Hawaii Senator Mazie Hirono Donating Salary Earned During Government Shutdown To Food Banks In Home State


The government has been partially shut down for a week now, and is likely to continue into the next year, meaning almost 800,000 federal employees have either been furloughed or are continuing to work without pay. Congress, however, are still part of a select group still receiving a regular salary, though Newsweek reports that one senator will not be keeping her earnings for herself.

On Thursday, December 27, the sixth day of the government shutdown, Democratic Senator Mazie Hirono from Hawaii announced in a news release that she would be donating the salary she receives throughout the entirety of the partial shutdown to food banks across her home state.

“More than 2,500 federal workers in Hawaii are either furloughed or working without pay during the holidays because Donald Trump shut down the government,” Hirono said in her statement.

“As long as Donald Trump refuses to re-open the government, I will be donating my salary to Hawaii’s food banks — who serve nearly one in eight Hawaii residents in need,” she continued.

According to Newsweek, Hirono receives an annual salary of $174,000 a year, which breaks down to roughly $3,500 a week, the amount she has earned since the current shutdown began. She will be splitting her pay between the Hawaii Food Bank on Oahu and Kauai, Maui Food Bank and Hawaii Food Basket on Hawaii Island.

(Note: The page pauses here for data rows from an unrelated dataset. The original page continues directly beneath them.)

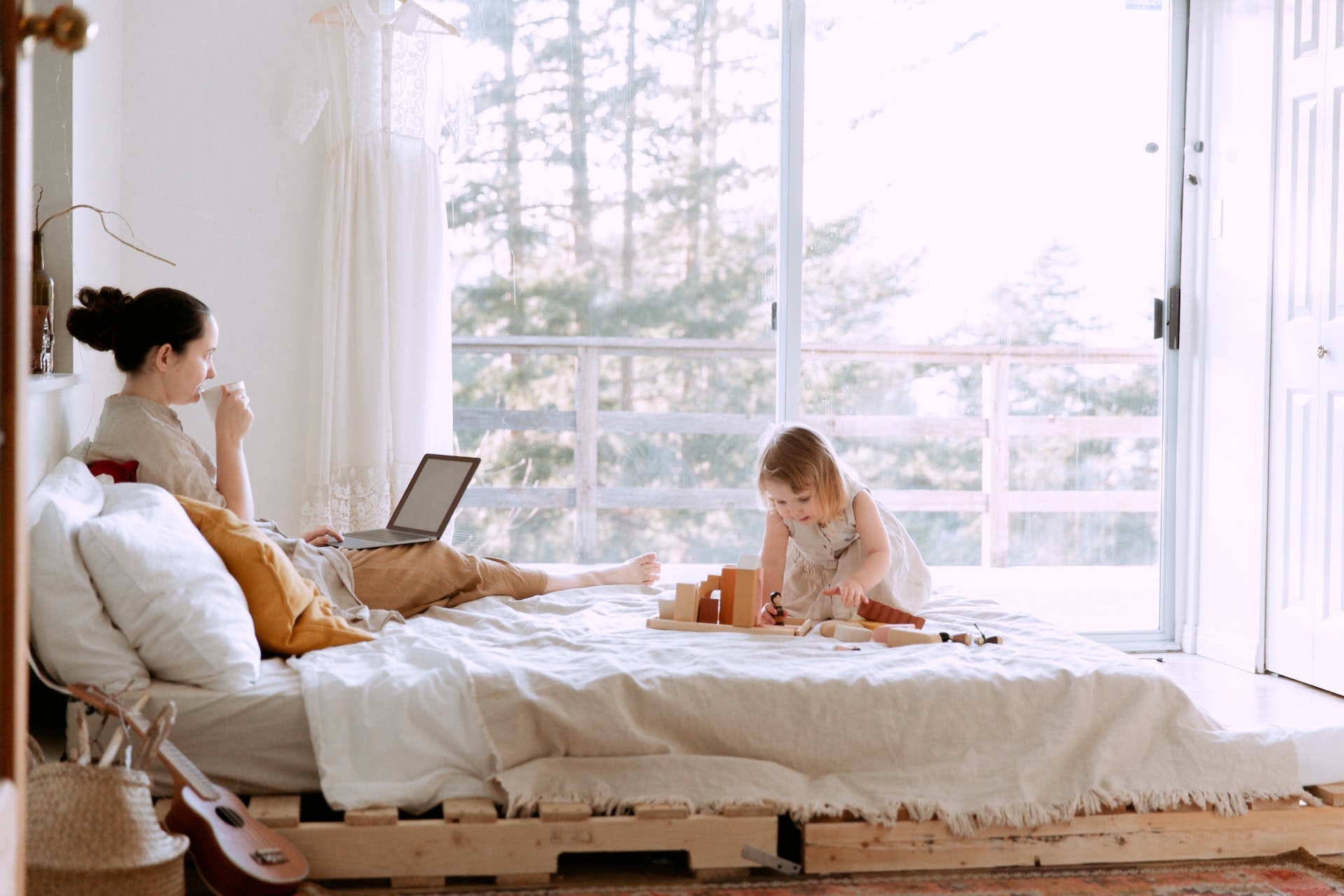 Padres Y Madres Que Trabajan Demasiado En La Actualidad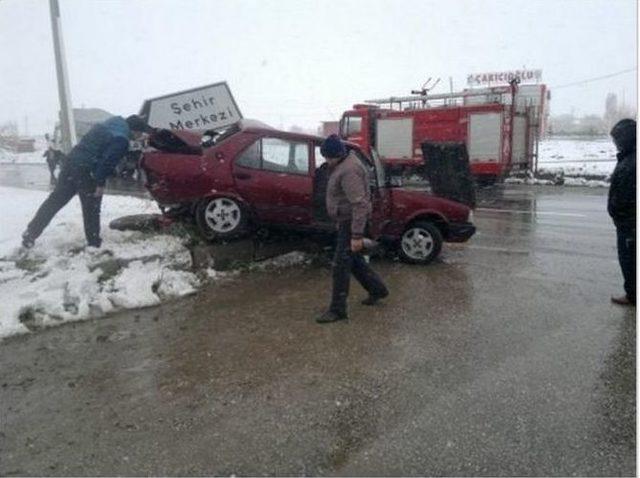 Afyonkarahisar’da Trafik Kazası: 3 Yaralı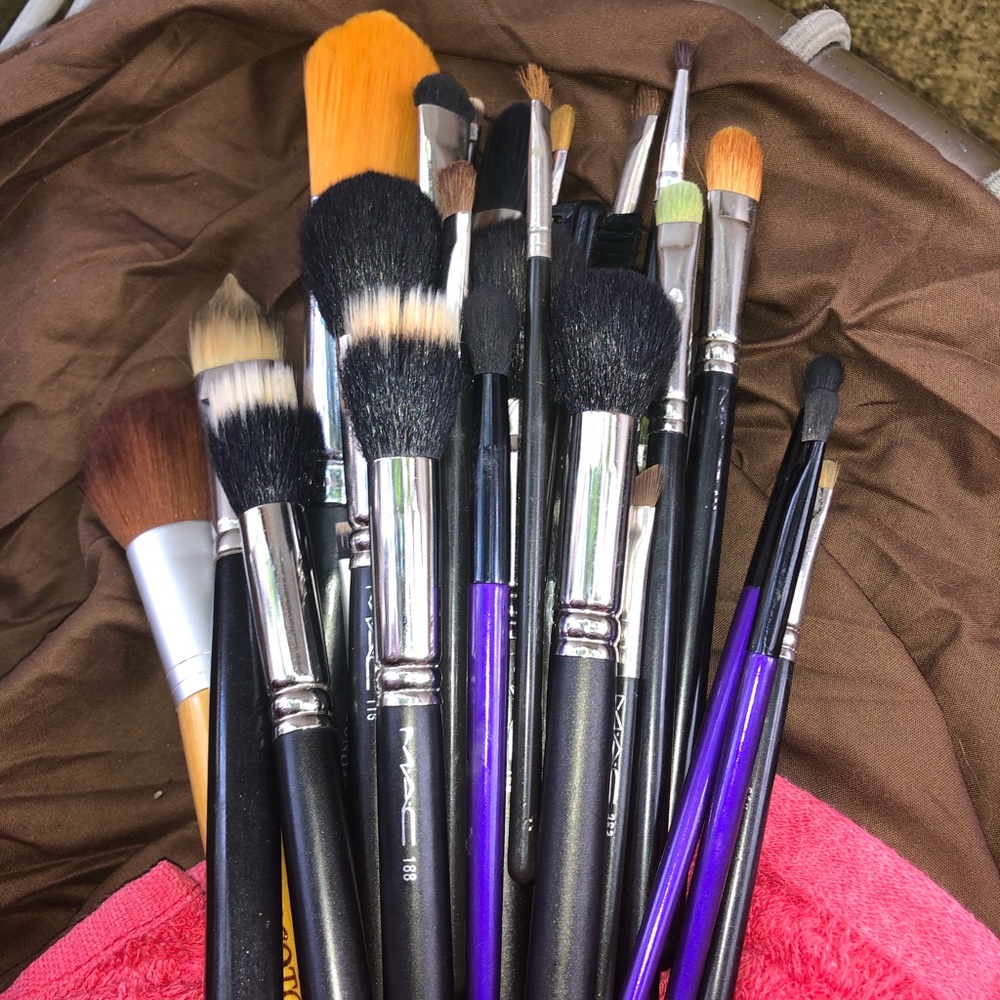 Everything must go $14 each auth mac brushes - Picture 5 of 10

Hirono has taken similar action during previous government shutdowns, donating her salary to Hawaii’s 14 Federally Qualified Community Health Centers in January, 2018, and among five different organizations in her home state during the government shutdown in 2013.

Hirono is not the only official who has vowed not to take their salary in the wake of the government’s current state. As previously reported by the Inquisitr, Democratic Senator Catherine Cortez Masto of Nevada has also stated she would be donating her earnings to charity.

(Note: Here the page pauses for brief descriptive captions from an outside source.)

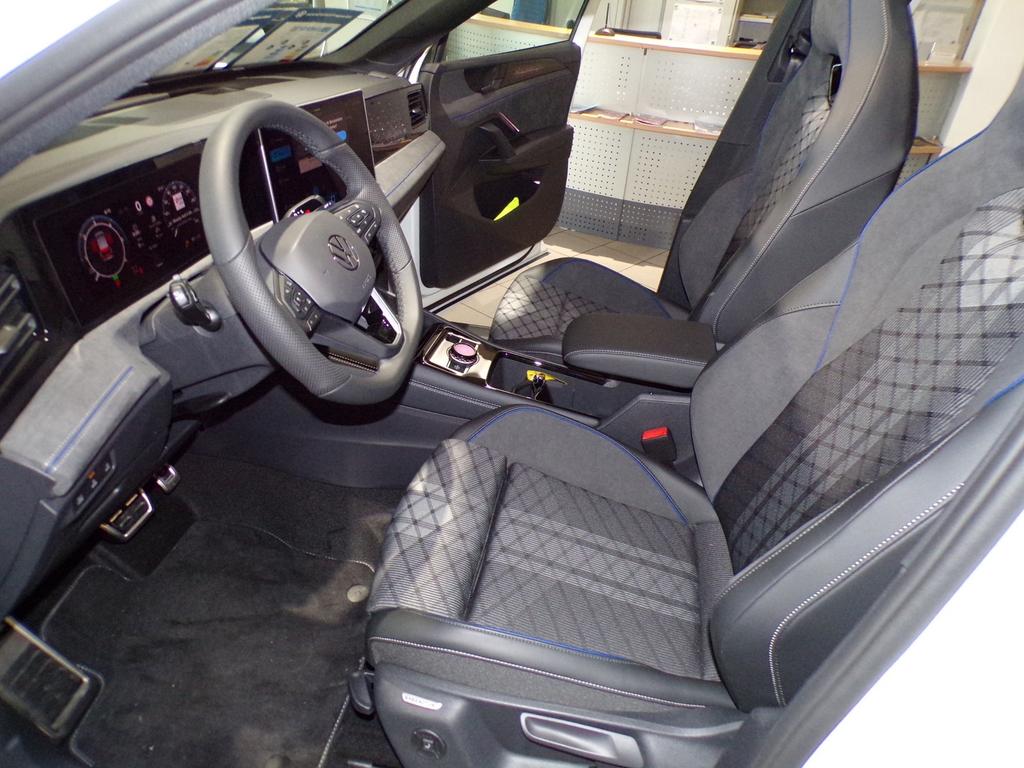 Volkswagen Tiguan 2026 г. Белый, пробег 50 км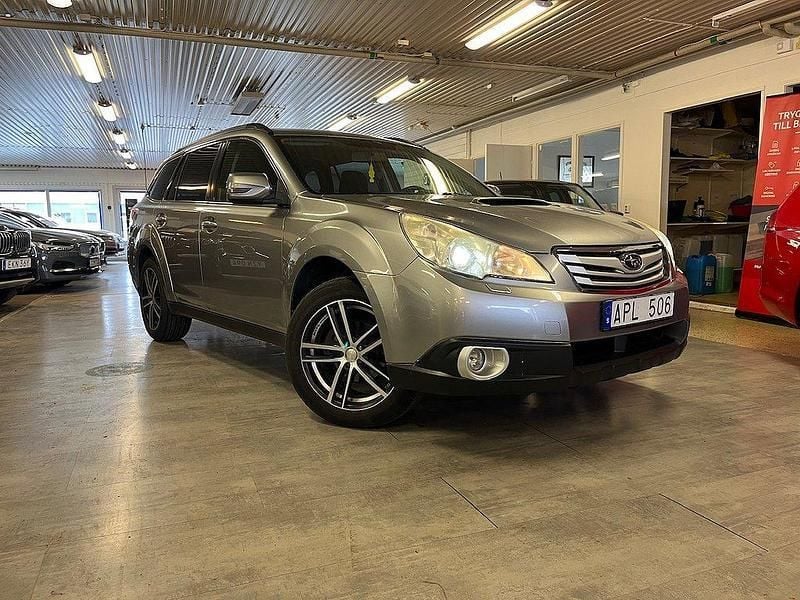 Silver Begagnad 2010 Subaru Outback SUV | 69 000 kr (Lite dyr) - Bild 1/4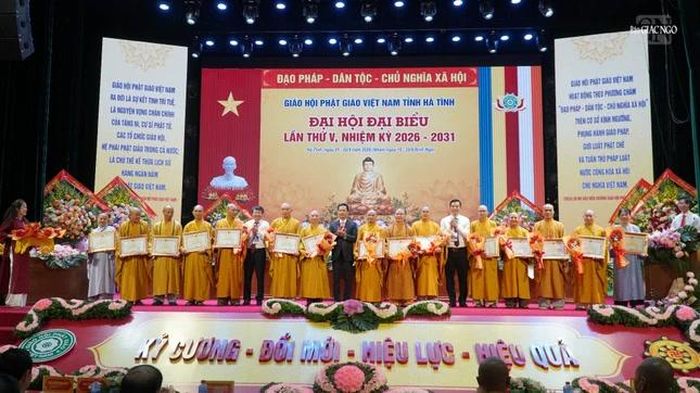 UBND tỉnh Hà Tĩnh tặng Bằng khen đến 15 cá nhân xuất sắc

“I cannot take a salary during a government shutdown knowing that so many federal workers in Nevada and across the country will go without pay,” she wrote on Twitter during the first days of the shutdown. “I’ll be donating my salary to a Nevada charity for every day of the Trump shutdown.”

The Hill also noted that both of North Dakota’s senators — Republican John Hoeven and Democrat Heidi Heitkamp — will be donating their paychecks from the shutdown as well.

The government partially shut down at midnight on Saturday, December 22, after Congress was unable to pass legislation that funded the government and also included the $5 billion demanded by President Trump for a wall along the U.S.-Mexico border.